Well, I’ve seen quite a few straw men erected over the past week in an attempt to discredit what we are attempting to accomplish here at Religious Affections Ministries. Apparently it’s easier to call us names than to address the core of our arguments.

One of those straw men, one that is quite commonly used against those who claim that some musical forms are more suited to the worship of God than others, is to play the race card and insist that we are simply white men with a prejudice against the music of other cultures. Because we believe some cultures are better than others, we are racist.

This charge of racism is built on two premises:

  1. The first premise is that we believe some cultural expressions are more suited to worship than others.
  2. The second premise is that there is something inherently ethnic or racial about cultures.
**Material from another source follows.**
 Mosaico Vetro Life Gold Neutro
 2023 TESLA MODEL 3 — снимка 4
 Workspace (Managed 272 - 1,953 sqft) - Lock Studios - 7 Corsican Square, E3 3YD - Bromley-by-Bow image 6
I unapologetically affirm the first premise.

However, this acknowledgement does not make me a racist unless the second premise is also true, and I emphatically deny the second premise. Culture has nothing inherently to do with race.
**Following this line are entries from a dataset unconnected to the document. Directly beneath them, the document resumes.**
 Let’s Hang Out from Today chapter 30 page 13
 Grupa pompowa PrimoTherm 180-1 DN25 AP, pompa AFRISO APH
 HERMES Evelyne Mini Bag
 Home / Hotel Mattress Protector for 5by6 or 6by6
In order to prove this, I must first define culture, and to do so, I will allow those who first coined the term and developed the definition to do so, namely, anthropologists.
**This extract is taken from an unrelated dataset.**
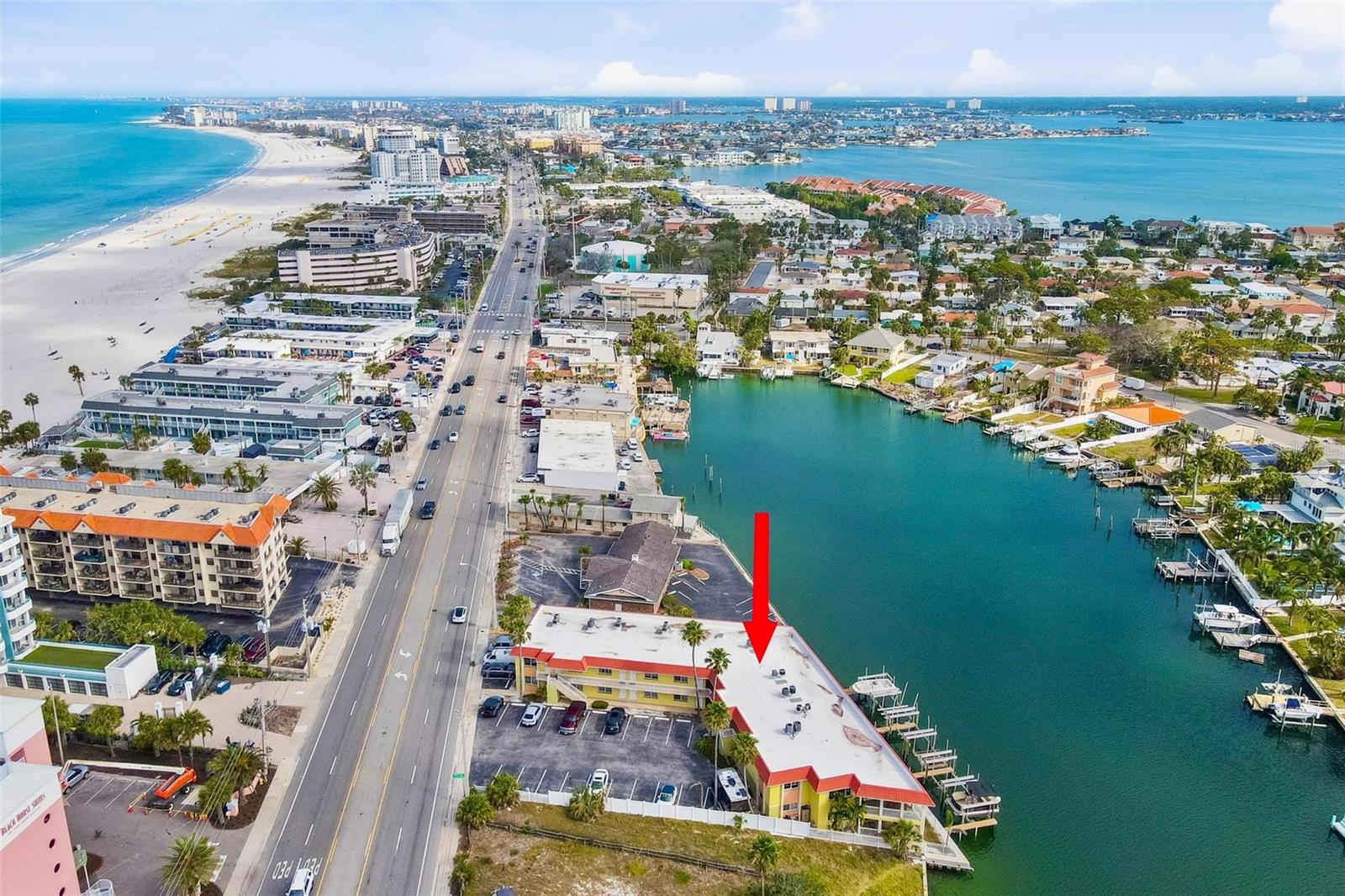 Image 19 of 19 For 4103 Gulf Boulevard 106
One of the first to use the term “culture” in the way we use it today, to describe the music, customs, clothing, and arts of a people, was British anthropologist Edward Tylor. In 1871, Tylor defined culture this way:

that complex whole which includes knowledge, belief, art, morals, law, custom, and any other capabilities and habits acquired by man as a member of society.1

In other words, culture is what people do; it is what they produce. This definition of culture continued to influence anthropological discourse and eventually made its way into common speech.

Evangelicals began using the term to describe different behaviors of people groups, mainly in discussions of world missions. Likely one of the most influential definitions of culture resembles Tylors:

the sum total of ways of living built up by a human community and transmitted from one generation to another.2

These definitions define well how we use the term “culture” today: culture is how people live, it is how they act, it is how they behave.

Now, the second premise above is rooted in an understanding that says human behavior is rooted in genetics. What people do–their culture–flows directly from their race–their genetic makeup. Just like an African cannot help the texture of his hair and an Asian cannot change the shape of his eyes, so people can’t help what culture they have; they’re just born with it.

Therefore, the argument goes, if I were to criticize someone’s culture, that would be the same as if I were to speak disparagingly about hair texture or eye shape. It is racism.

Now there are at least two problems with this line of thinking. First, human behavior is always moral and thus must always be judged. It would not matter if our behavior was inherent to us genetically; that doesn’t make sinful behavior any more right. Just because an Irishman is more genetically disposed toward anger or a German to stubbornness (that’s me!), those behaviors are no more justified.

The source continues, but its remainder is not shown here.